>>>

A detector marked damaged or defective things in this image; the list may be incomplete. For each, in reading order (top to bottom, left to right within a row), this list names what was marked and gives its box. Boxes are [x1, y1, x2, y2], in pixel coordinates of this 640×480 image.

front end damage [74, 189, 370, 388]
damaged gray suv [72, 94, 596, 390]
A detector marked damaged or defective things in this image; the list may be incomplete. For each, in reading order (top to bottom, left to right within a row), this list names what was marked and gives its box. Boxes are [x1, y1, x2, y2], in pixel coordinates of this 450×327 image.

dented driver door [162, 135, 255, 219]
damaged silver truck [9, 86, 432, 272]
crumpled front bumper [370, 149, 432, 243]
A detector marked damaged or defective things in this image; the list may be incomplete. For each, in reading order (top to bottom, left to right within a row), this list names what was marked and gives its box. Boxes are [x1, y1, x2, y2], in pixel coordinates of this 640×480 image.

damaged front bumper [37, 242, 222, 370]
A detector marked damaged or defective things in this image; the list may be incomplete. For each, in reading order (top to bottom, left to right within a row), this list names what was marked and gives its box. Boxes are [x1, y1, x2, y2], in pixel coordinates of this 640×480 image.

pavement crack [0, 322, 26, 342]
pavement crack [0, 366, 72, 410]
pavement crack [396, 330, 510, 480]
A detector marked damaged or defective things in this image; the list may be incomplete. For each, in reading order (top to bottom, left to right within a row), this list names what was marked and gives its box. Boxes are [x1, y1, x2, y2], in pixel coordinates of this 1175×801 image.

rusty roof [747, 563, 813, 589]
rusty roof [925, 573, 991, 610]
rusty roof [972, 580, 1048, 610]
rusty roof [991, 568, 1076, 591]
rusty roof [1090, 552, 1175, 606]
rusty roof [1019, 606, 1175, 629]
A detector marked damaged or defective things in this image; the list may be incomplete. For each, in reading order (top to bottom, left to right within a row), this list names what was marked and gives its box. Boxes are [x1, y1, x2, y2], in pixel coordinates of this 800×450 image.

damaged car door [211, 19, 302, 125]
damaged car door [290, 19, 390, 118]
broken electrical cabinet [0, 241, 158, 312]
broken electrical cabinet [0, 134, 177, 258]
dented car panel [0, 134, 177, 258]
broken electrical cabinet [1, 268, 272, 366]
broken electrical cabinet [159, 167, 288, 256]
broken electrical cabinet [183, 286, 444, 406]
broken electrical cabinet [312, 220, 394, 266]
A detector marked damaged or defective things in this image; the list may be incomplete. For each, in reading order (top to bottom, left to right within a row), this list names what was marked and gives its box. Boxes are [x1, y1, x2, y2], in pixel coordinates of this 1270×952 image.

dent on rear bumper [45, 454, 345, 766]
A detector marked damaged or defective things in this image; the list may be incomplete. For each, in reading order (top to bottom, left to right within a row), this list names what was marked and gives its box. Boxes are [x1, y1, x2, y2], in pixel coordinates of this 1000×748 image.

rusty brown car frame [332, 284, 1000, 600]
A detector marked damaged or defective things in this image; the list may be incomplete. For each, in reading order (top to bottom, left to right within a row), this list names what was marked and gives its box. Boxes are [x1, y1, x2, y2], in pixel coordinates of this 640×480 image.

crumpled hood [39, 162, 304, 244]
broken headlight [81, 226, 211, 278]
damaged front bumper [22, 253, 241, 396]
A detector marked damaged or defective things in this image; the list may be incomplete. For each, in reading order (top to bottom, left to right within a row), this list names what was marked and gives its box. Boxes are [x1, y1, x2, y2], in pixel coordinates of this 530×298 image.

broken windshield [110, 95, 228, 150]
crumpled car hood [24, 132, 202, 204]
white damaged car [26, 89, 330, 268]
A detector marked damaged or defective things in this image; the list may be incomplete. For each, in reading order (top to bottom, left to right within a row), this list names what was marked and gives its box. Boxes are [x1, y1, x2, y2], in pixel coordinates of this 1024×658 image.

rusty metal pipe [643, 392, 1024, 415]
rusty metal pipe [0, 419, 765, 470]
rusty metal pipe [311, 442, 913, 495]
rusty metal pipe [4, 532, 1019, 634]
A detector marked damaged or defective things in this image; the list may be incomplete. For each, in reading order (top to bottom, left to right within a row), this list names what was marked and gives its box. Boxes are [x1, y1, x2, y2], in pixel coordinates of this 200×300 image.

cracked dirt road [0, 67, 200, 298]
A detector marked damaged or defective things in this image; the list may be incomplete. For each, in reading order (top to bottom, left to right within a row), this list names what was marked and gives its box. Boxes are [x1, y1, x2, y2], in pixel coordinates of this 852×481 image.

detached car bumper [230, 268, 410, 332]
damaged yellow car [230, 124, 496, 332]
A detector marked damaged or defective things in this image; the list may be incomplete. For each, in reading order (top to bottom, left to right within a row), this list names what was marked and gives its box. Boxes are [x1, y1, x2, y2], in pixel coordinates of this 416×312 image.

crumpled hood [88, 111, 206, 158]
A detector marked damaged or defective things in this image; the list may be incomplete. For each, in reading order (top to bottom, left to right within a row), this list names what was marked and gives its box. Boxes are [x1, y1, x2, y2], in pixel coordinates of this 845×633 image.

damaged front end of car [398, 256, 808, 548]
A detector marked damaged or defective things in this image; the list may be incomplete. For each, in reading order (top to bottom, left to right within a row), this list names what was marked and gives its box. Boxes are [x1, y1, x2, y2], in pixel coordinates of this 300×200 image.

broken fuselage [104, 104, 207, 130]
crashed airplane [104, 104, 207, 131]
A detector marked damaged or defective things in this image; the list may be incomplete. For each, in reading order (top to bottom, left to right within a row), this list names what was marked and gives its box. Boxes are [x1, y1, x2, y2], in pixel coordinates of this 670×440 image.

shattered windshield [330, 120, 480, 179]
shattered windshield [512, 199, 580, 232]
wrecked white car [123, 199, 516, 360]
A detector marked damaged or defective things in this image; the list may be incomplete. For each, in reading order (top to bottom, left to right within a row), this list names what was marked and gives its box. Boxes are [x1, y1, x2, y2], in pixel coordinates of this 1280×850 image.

<<<

— Action item —
Using the records above, output exactly the lines from the one containing "this 416×312 image." through the last line, and no others.

— Output —
A detector marked damaged or defective things in this image; the list may be incomplete. For each, in reading order (top to bottom, left to right within a row), this list names what was marked and gives its box. Boxes are [x1, y1, x2, y2], in pixel coordinates of this 416×312 image.

crumpled hood [88, 111, 206, 158]
A detector marked damaged or defective things in this image; the list may be incomplete. For each, in reading order (top to bottom, left to right within a row), this list names what was marked and gives its box. Boxes are [x1, y1, x2, y2], in pixel coordinates of this 845×633 image.

damaged front end of car [398, 256, 808, 548]
A detector marked damaged or defective things in this image; the list may be incomplete. For each, in reading order (top to bottom, left to right within a row), this list names what was marked and gives its box. Boxes are [x1, y1, x2, y2], in pixel coordinates of this 300×200 image.

broken fuselage [104, 104, 207, 130]
crashed airplane [104, 104, 207, 131]
A detector marked damaged or defective things in this image; the list may be incomplete. For each, in reading order (top to bottom, left to right within a row), this list names what was marked and gives its box. Boxes are [x1, y1, x2, y2], in pixel coordinates of this 670×440 image.

shattered windshield [330, 120, 480, 179]
shattered windshield [512, 199, 580, 232]
wrecked white car [123, 199, 516, 360]
A detector marked damaged or defective things in this image; the list may be incomplete. For each, in reading order (top to bottom, left to right within a row), this list names what was marked and gives its box. Boxes are [x1, y1, x2, y2], in pixel coordinates of this 1280×850 image.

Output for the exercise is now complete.